(Short descriptive text snippets)
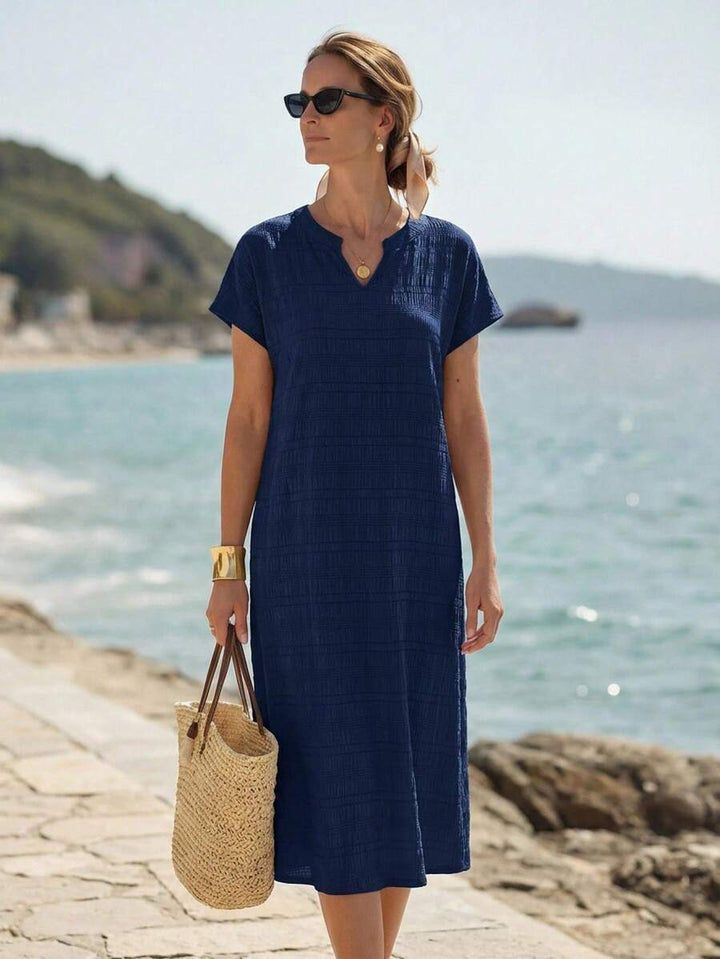 Lune | Floral Stripe V-Neck Summer Dress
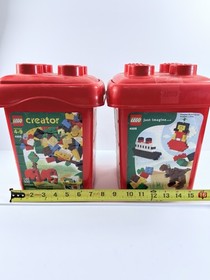 Vintage Lego Storage Containers Bins W/ Lids 4105 Red Empty Storage Blocks
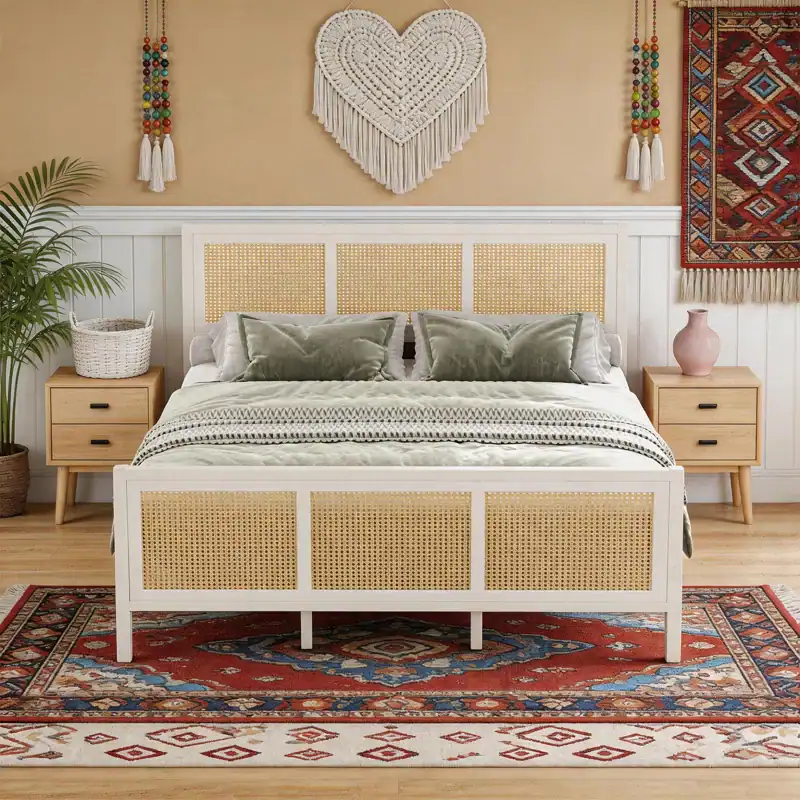 Boho Cane Platform Bed Frame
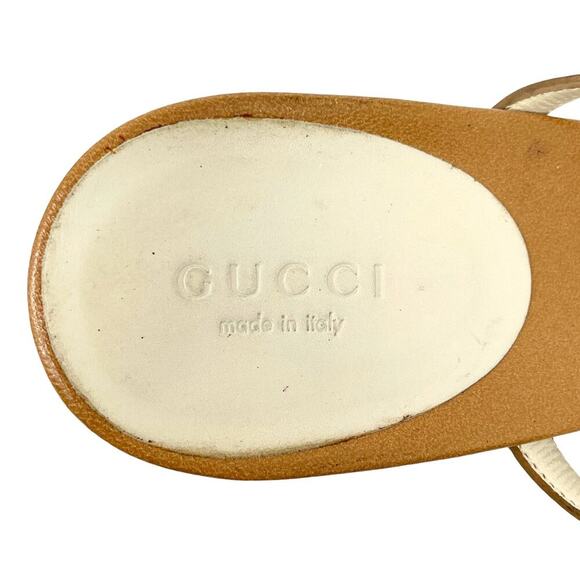 Gucci GG Logo Interlocking Tan Brown White Leather Strappy Heels Sandals US 9.5 - Picture 7 of 10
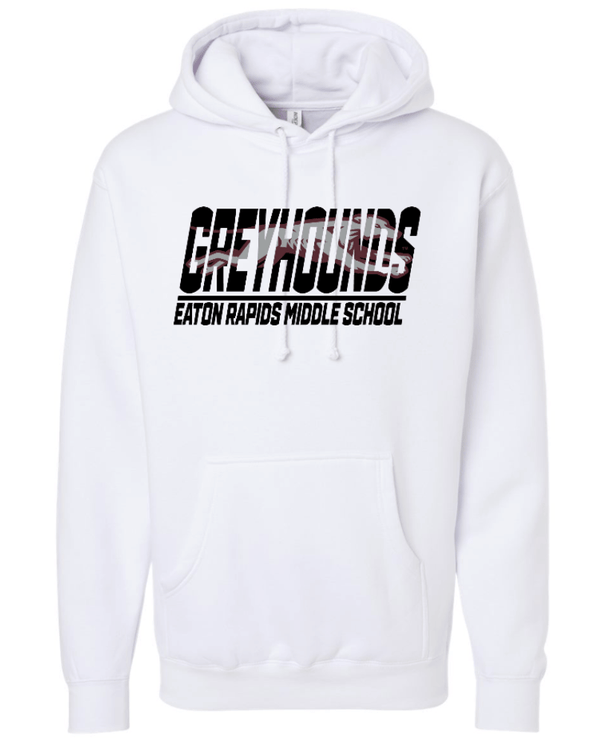 Custom Printed Apparel | Eaton Rapids Fall 2025 - Adult White Hooded Sweatshirt - Eaton Rapids Fall 2025 - 18341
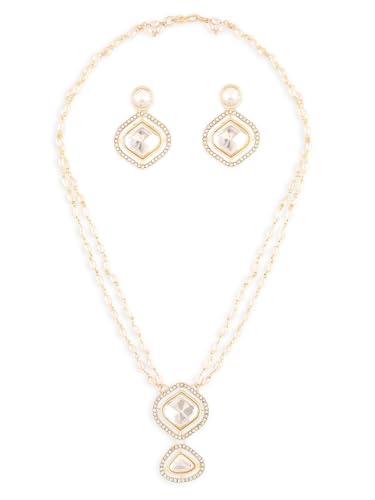 Juego de joyas con cuentas de perlas austriacas en latón y oro talla S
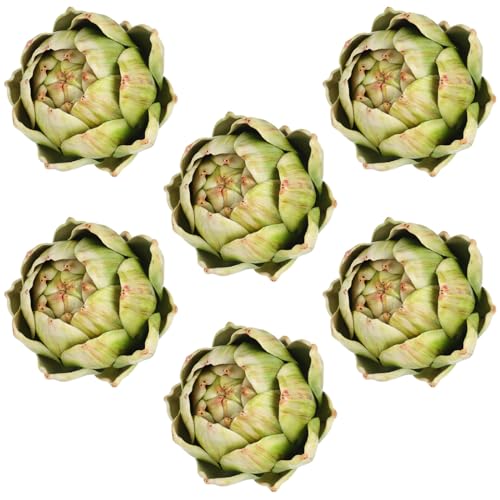 Large Green Faux Artichokes - 6 Pcs Decorative Bowl Fillers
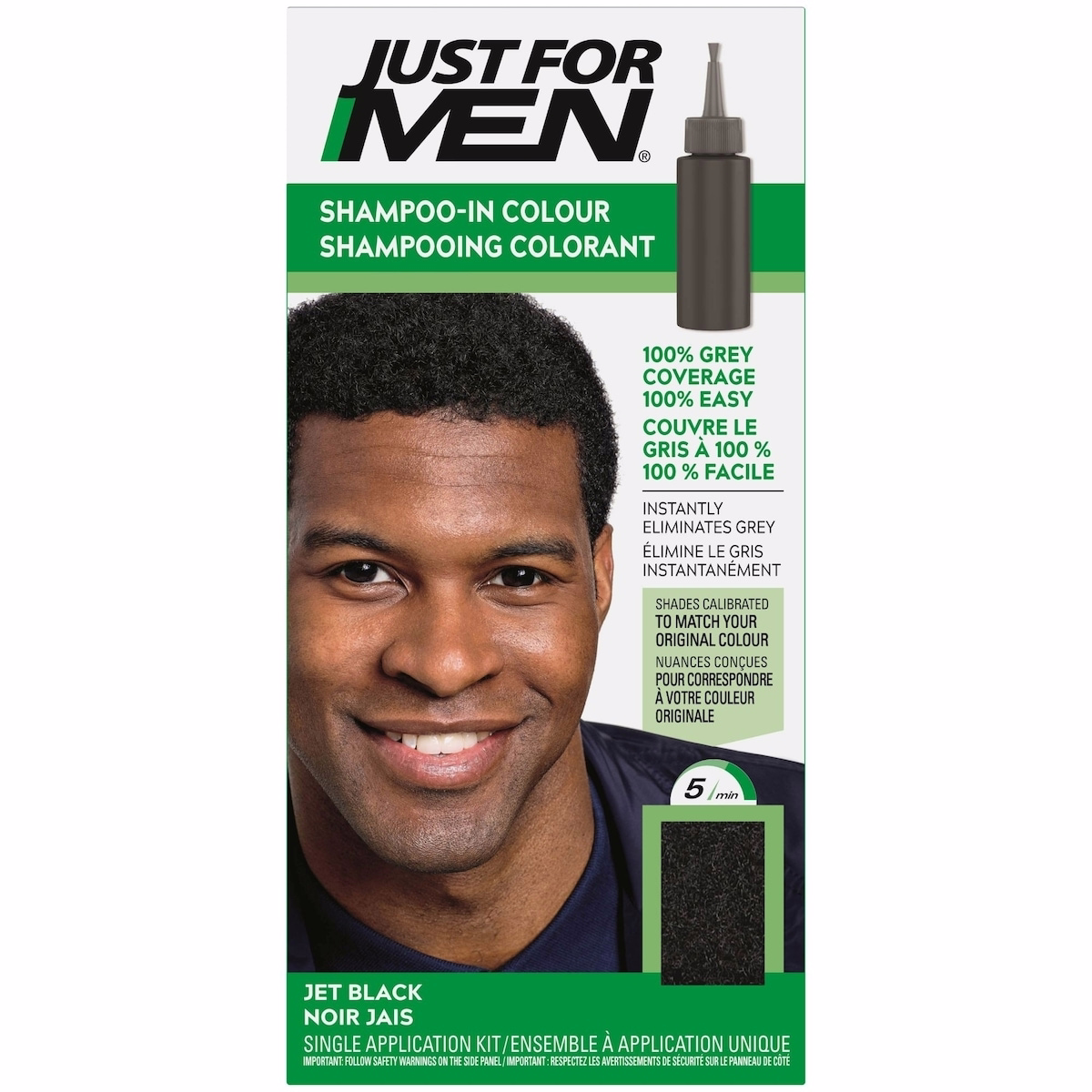 Just For Men Shampoo-In Color, Hair Coloring for Men - Jet Black, H-60,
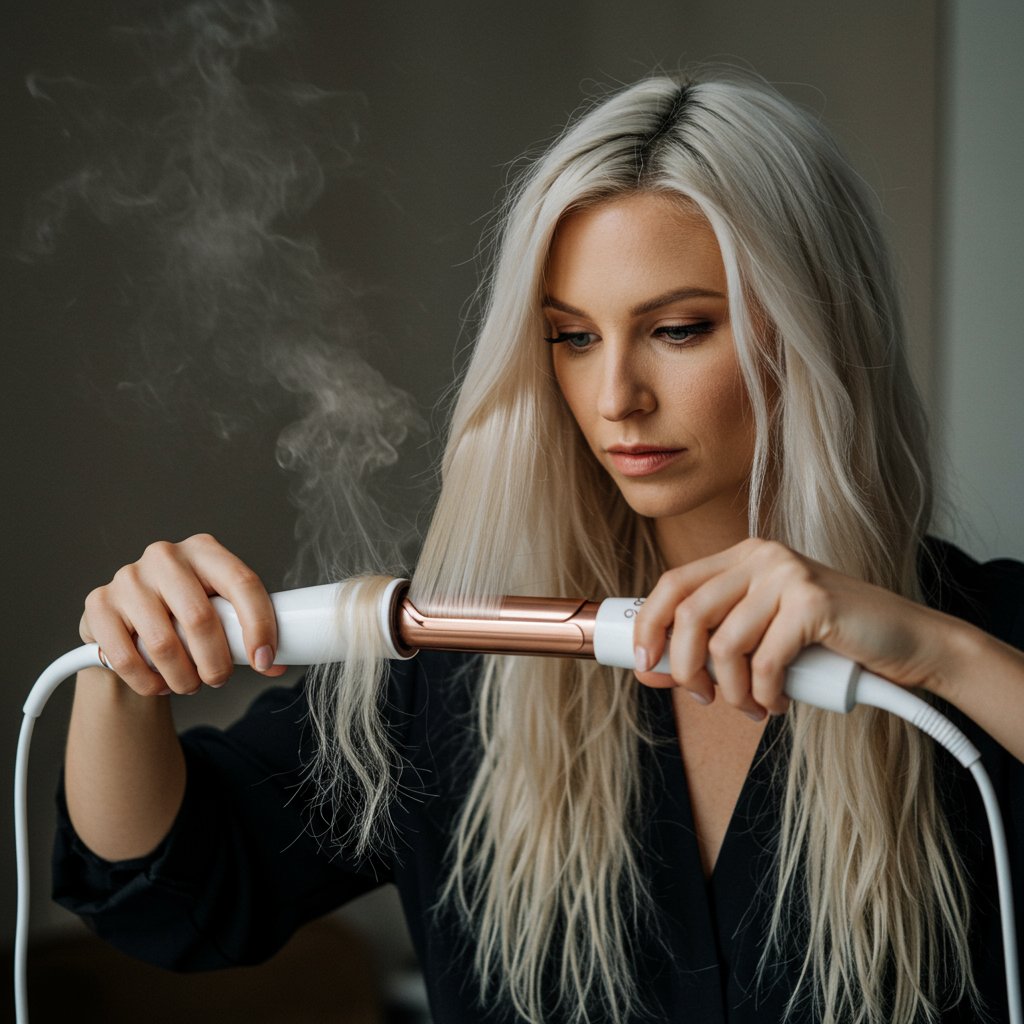 Woman Carefully Curling Blonde Hair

## WORK REQUIRED
Word for word, restate the lines from the one containing "Vintage Lego Storage" through the end of the entries. Do not include pictures.

## TASK SOLUTION
 Vintage Lego Storage Containers Bins W/ Lids 4105 Red Empty Storage Blocks
 Boho Cane Platform Bed Frame
 Gucci GG Logo Interlocking Tan Brown White Leather Strappy Heels Sandals US 9.5 - Picture 7 of 10
 Custom Printed Apparel | Eaton Rapids Fall 2025 - Adult White Hooded Sweatshirt - Eaton Rapids Fall 2025 - 18341
 Juego de joyas con cuentas de perlas austriacas en latón y oro talla S
 Large Green Faux Artichokes - 6 Pcs Decorative Bowl Fillers
 Just For Men Shampoo-In Color, Hair Coloring for Men - Jet Black, H-60,
 Woman Carefully Curling Blonde Hair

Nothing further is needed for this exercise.